● Goal of the exercise
Exactly and only the lines below from the one containing "University of Oregon" down to the one containing "Foma Fomatone MG" are wanted, both included; please exclude every picture.

━━━━━━━━━━━━━━━━━━━━

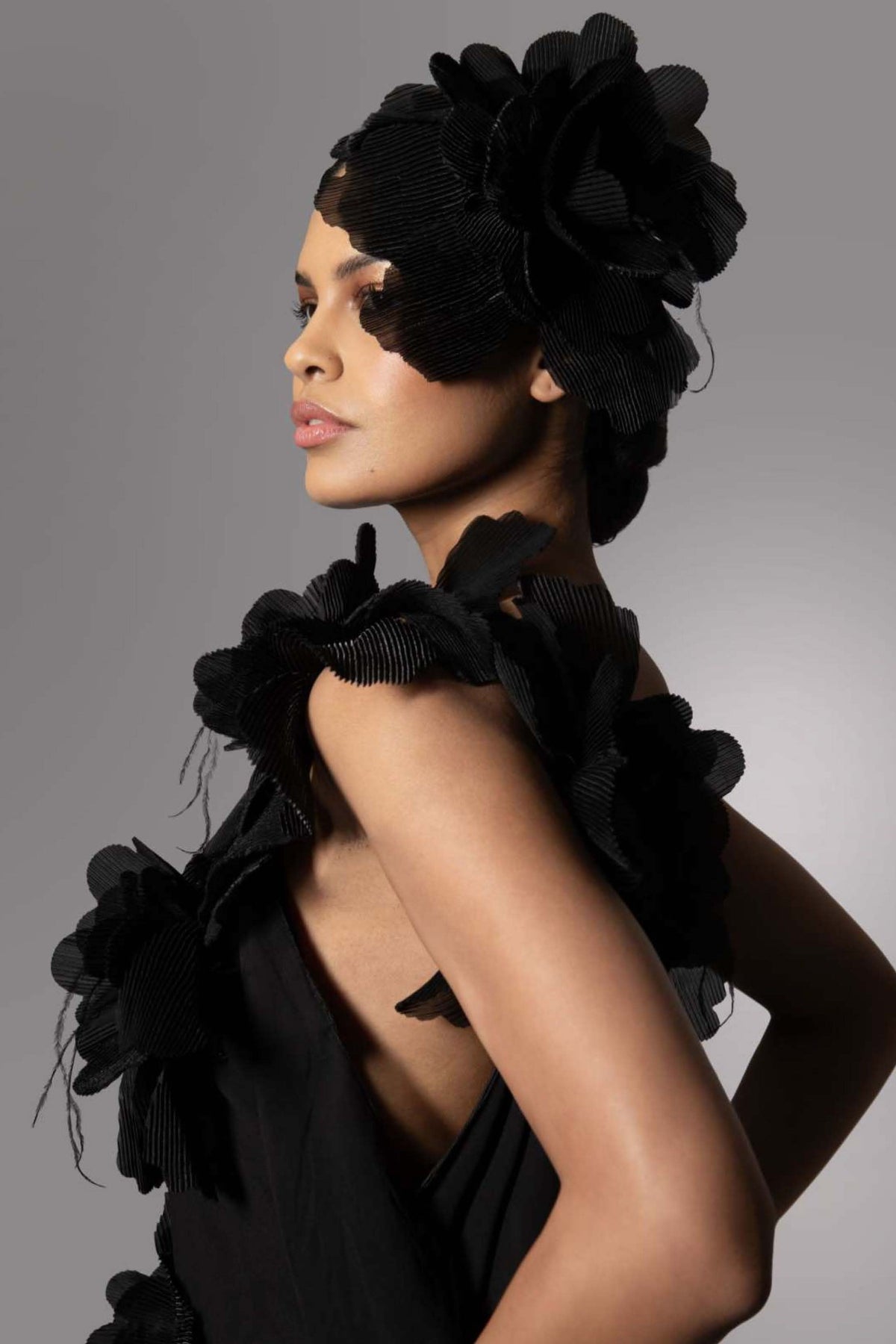 One Shoulder Gown
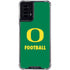 University of Oregon Football Green Moto G Power 5G (2024) Clear Case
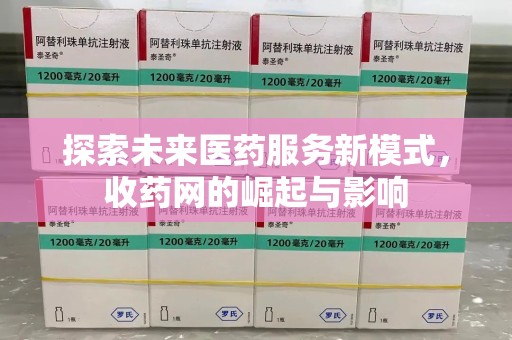 江门探索未来医药服务新模式，收药网的崛起与影响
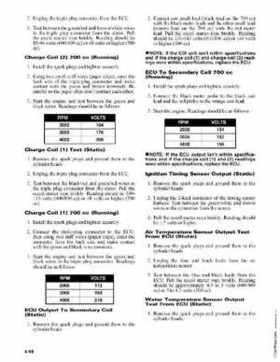 2003 Arctic Cat Snowmobiles Factory Service Manual, Page 254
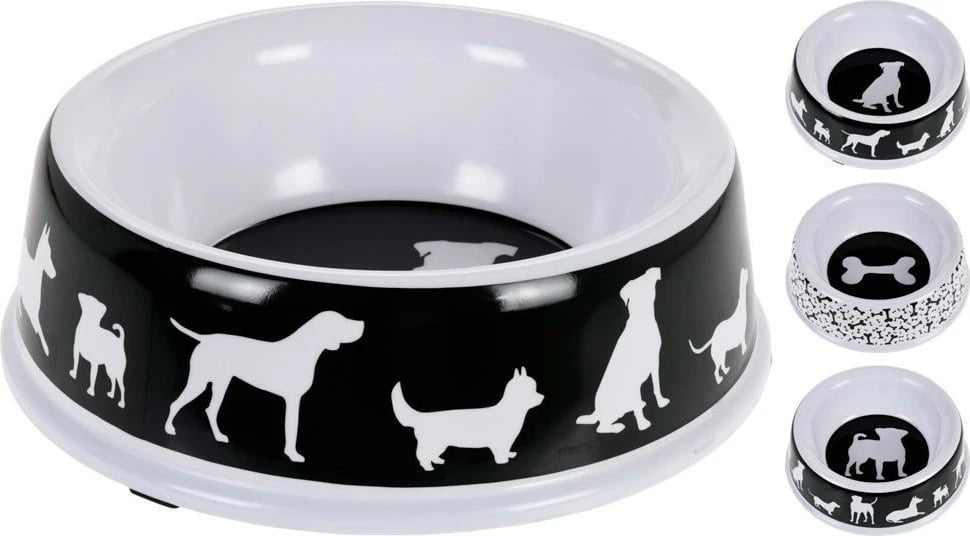 Enë për qen KOOPMAN H7xØ21.5cm, 3 dizajne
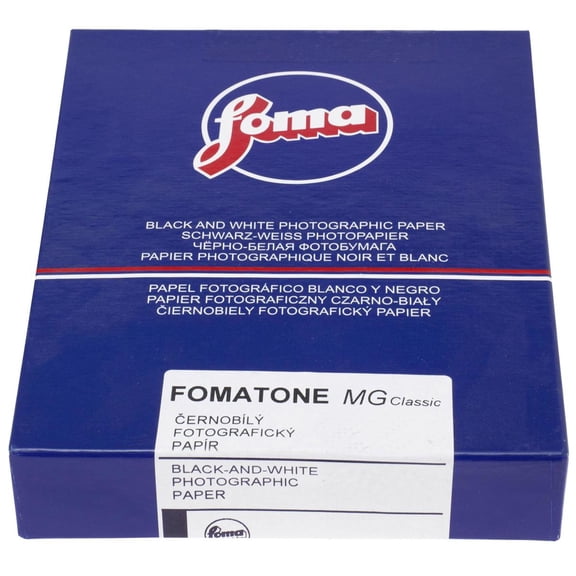 Foma Fomatone MG Classic 131 VC FB Paper, Glossy, 8x10", 100 Sheets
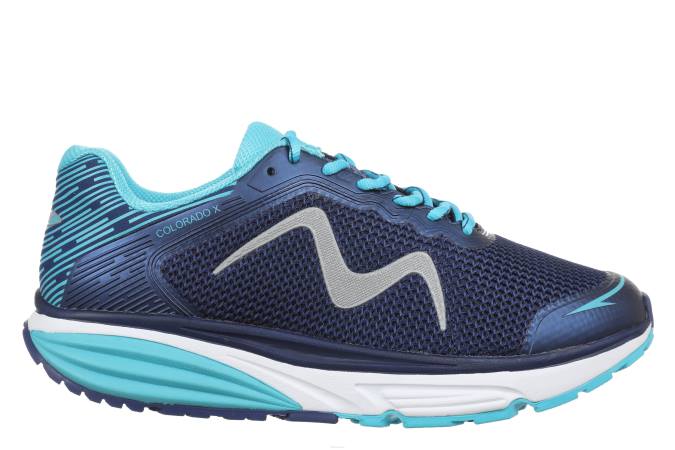 MBT N6ZJ155 zapatos para correr azul medieval mujer colorado x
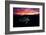 Sunset Turtle-Barathieu Gabriel-Framed Photographic Print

━━━━━━━━━━━━━━━━━━━━

● Your response
 University of Oregon Football Green Moto G Power 5G (2024) Clear Case
 江门探索未来医药服务新模式，收药网的崛起与影响
 2003 Arctic Cat Snowmobiles Factory Service Manual, Page 254
 Enë për qen KOOPMAN H7xØ21.5cm, 3 dizajne
 Foma Fomatone MG Classic 131 VC FB Paper, Glossy, 8x10", 100 Sheets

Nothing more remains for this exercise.